Reputation: 505
#include <stdio.h>
#include <stdlib.h>
#include <pthread.h>
#define ARR_SIZE 10
#define NUM_DEVICE 1
typedef struct {
int *arr;
int *dev_arr;
int *dev_result;
int *result;
int num;
} cuda_st;
__global__ void kernel_fc(int *dev_arr, int *dev_result)
{
int idx = threadIdx.x;
printf("dev_arr[%d] = %d\n", idx, dev_arr[idx]);
atomicAdd(dev_result, dev_arr[idx]);
}
void *thread_func(void* struc)
{
cuda_st * data = (cuda_st*)struc;
printf("thread %d func start\n", data->num);
printf("arr %d = ", data->num);
for(int i=0; i<10; i++) {
printf("%d ", data->arr[i]);
}
printf("\n");
cudaSetDevice(data->num);
cudaMemcpy(data->dev_arr, data->arr, sizeof(int)*ARR_SIZE, cudaMemcpyHostToDevice);
kernel_fc<<<1,ARR_SIZE>>>(data->dev_arr, data->dev_result);
cudaMemcpy(data->result, data->dev_result, sizeof(int), cudaMemcpyDeviceToHost);
printf("thread %d func exit\n", data->num);
return NULL;
}
int main(void)
{
// Make object
cuda_st cuda[NUM_DEVICE];
// Make thread
pthread_t pthread[NUM_DEVICE];
// Host array memory allocation
int *arr[NUM_DEVICE];
for(int i=0; i<NUM_DEVICE; i++) {
arr[i] = (int*)malloc(sizeof(int)*ARR_SIZE);
}
// Fill this host array up with specified data
for(int i=0; i<NUM_DEVICE; i++) {
for(int j=0; j<ARR_SIZE; j++) {
arr[i][j] = i*ARR_SIZE+j;
}
}
// To confirm host array data
for(int i=0; i<NUM_DEVICE; i++) {
printf("arr[%d] = ", i);
for(int j=0; j<ARR_SIZE; j++) {
printf("%d ", arr[i][j]);
}
printf("\n");
}
// Result memory allocation
int *result[NUM_DEVICE];
for(int i=0; i<NUM_DEVICE; i++) {
result[i] = (int*)malloc(sizeof(int));
memset(result[i], 0, sizeof(int));
}
// Device array memory allocation
int *dev_arr[NUM_DEVICE];
for(int i=0; i<NUM_DEVICE; i++) {
cudaMalloc(&dev_arr[i], sizeof(int)*ARR_SIZE);
}
// Device result memory allocation
int *dev_result[NUM_DEVICE];
for(int i=0; i<NUM_DEVICE; i++) {
cudaMalloc(&dev_result[i], sizeof(int));
cudaMemset(dev_result[i], 0, sizeof(int));
}
// Connect these pointers with object
for(int i=0; i<NUM_DEVICE; i++) {
cuda[i].arr = arr[i];
cuda[i].dev_arr = dev_arr[i];
cuda[i].result = result[i];
cuda[i].dev_result = dev_result[i];
cuda[i].num = i;
}
// Create and excute pthread
for(int i=0; i<NUM_DEVICE; i++) {
pthread_create(&pthread[i], NULL, thread_func, (void*)&cuda[i]);
}
// Join pthread
for(int i=0; i<NUM_DEVICE; i++) {
pthread_join(pthread[i], NULL);
}
for(int i=0; i<NUM_DEVICE; i++) {
printf("result[%d] = %d\n", i, (*cuda[i].result));
}
return 0;
}
I make my simple-test-program like this to test pthread with multi device cuda code.
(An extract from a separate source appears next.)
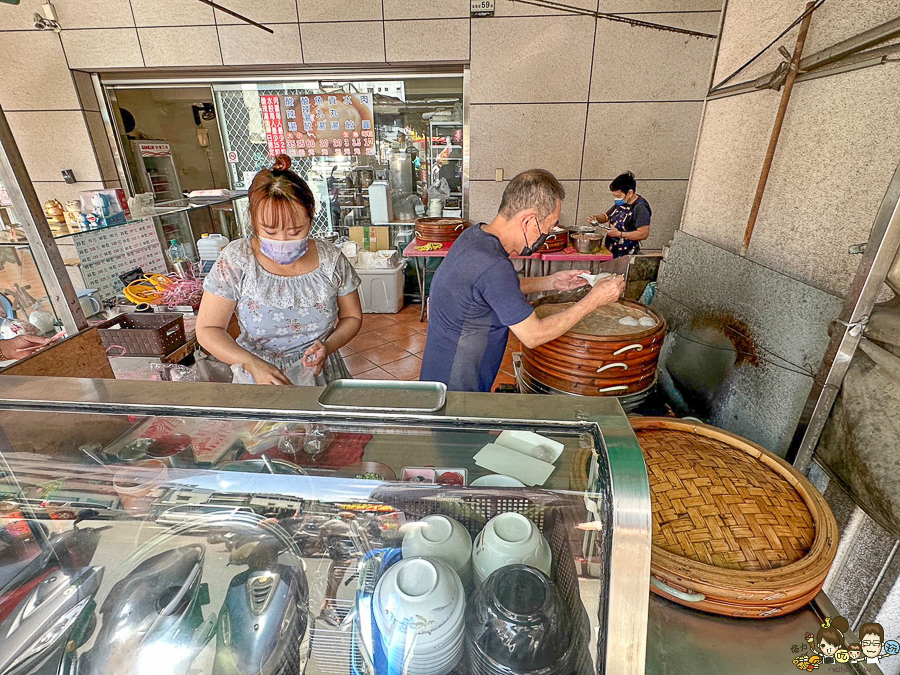 水餃 肉圓 蒸肉圓 瑞發肉圓水餃 小吃 老字號 小店 好吃 銅板美食 必吃 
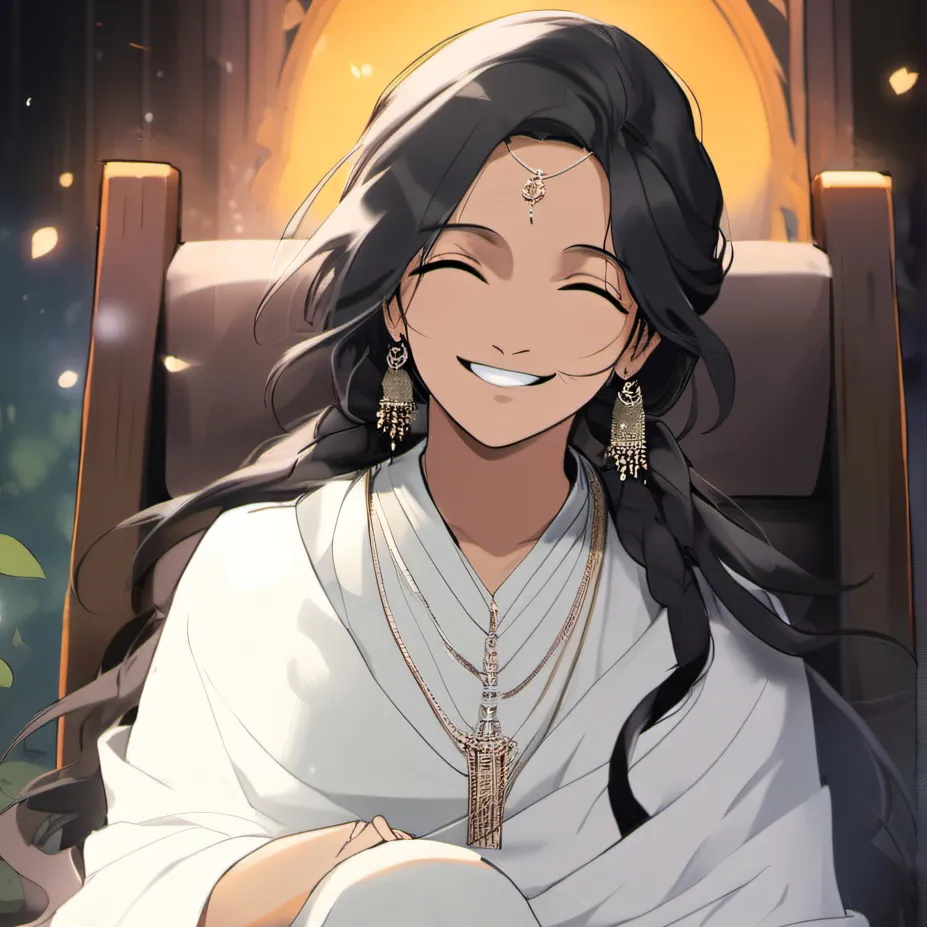 chat with ai character: Ma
When the NUM_DEVICE set as 1, it works well but when set as 2 program stopped.
I guess beacause multiple threads access cudaSetDevice but I don't know how to handle this.
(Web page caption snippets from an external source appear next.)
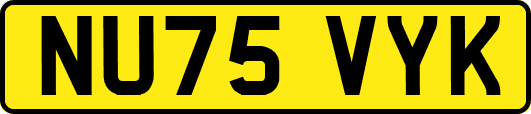 NU75VYK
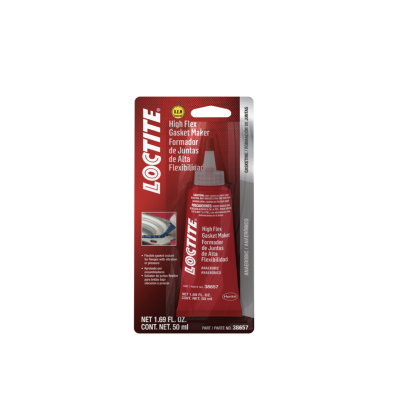 LOCTITE HIGH FLEX FORM A GASKET MAKER X 50ml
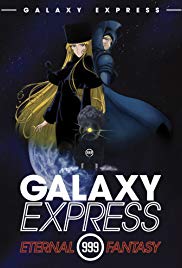 The Galaxy Express 999: The Eternal Fantasy (1998) M4ufree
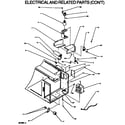 Amana RS560SS-P7836104M electrical (cont.) diagram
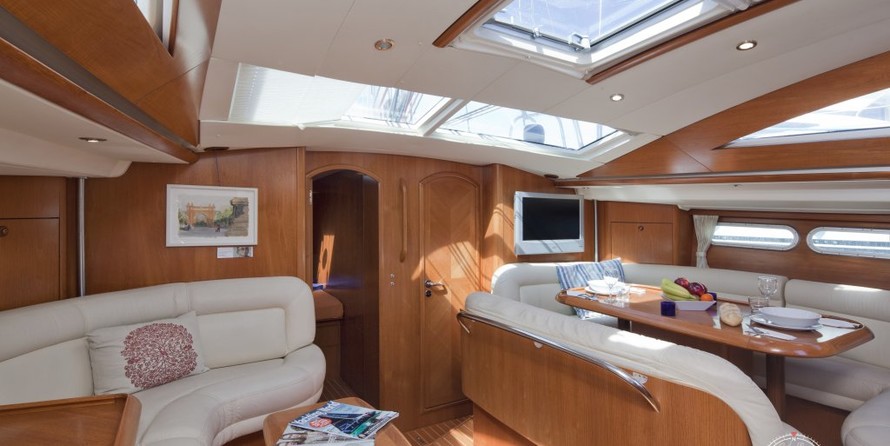 Jeanneau Sun Odyssey 54
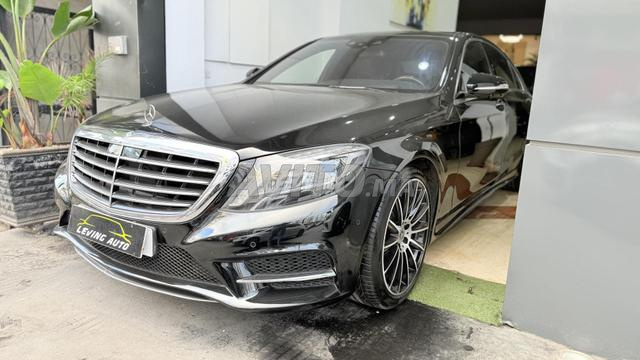 Mercedes Benz S350LD AMG - 2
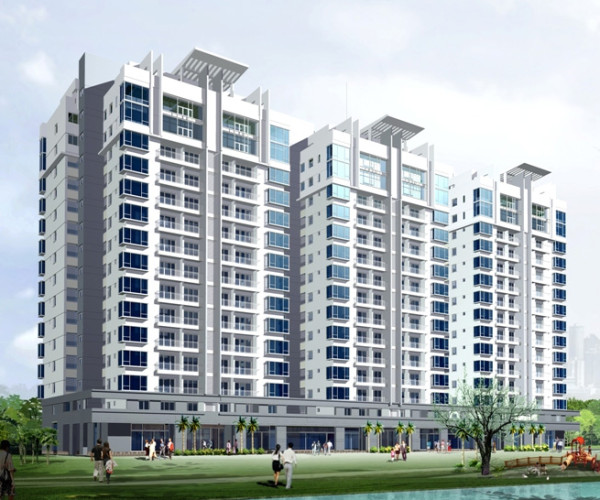 Chung cư Thủ Thiêm Star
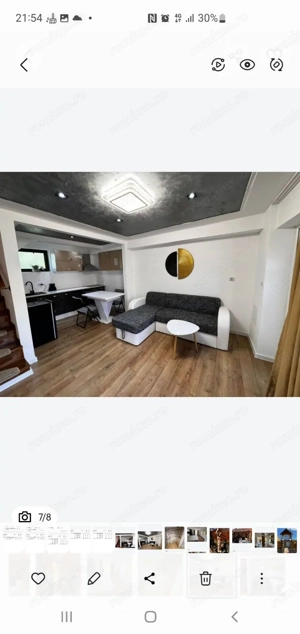 Vand casa in Deva, zona Dorobanti, P+E, suprafata totala de teren 20 mp, suprafata utila 52 mp, 24 m - imagine 6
I tried to make my program with single host thread and multi device(with Async function) before, but in my case(not above simple code), there are many host code between kernel functions so it doesn't work well asynchronously.
So I test to use multi thread on host before apply this manner to my real code but I have trouble like this.
Do I have to use asynchonous function in cuda functions and kernels?
Give me some advise.
Upvotes: 1
Views: 2876
Reputation: 6420
The problem is that you allocate memory on one device. You need to call cudaSetDevice
before cudaMalloc
calls:
// Device array memory allocation
int *dev_arr[NUM_DEVICE];
for(int i=0; i<NUM_DEVICE; i++) {
cudaSetDevice(i);
cudaMalloc(&dev_arr[i], sizeof(int)*ARR_SIZE);
}
// Device result memory allocation
int *dev_result[NUM_DEVICE];
for(int i=0; i<NUM_DEVICE; i++) {
cudaSetDevice(i);
cudaMalloc(&dev_result[i], sizeof(int));
cudaMemset(dev_result[i], 0, sizeof(int));
}
Upvotes: 3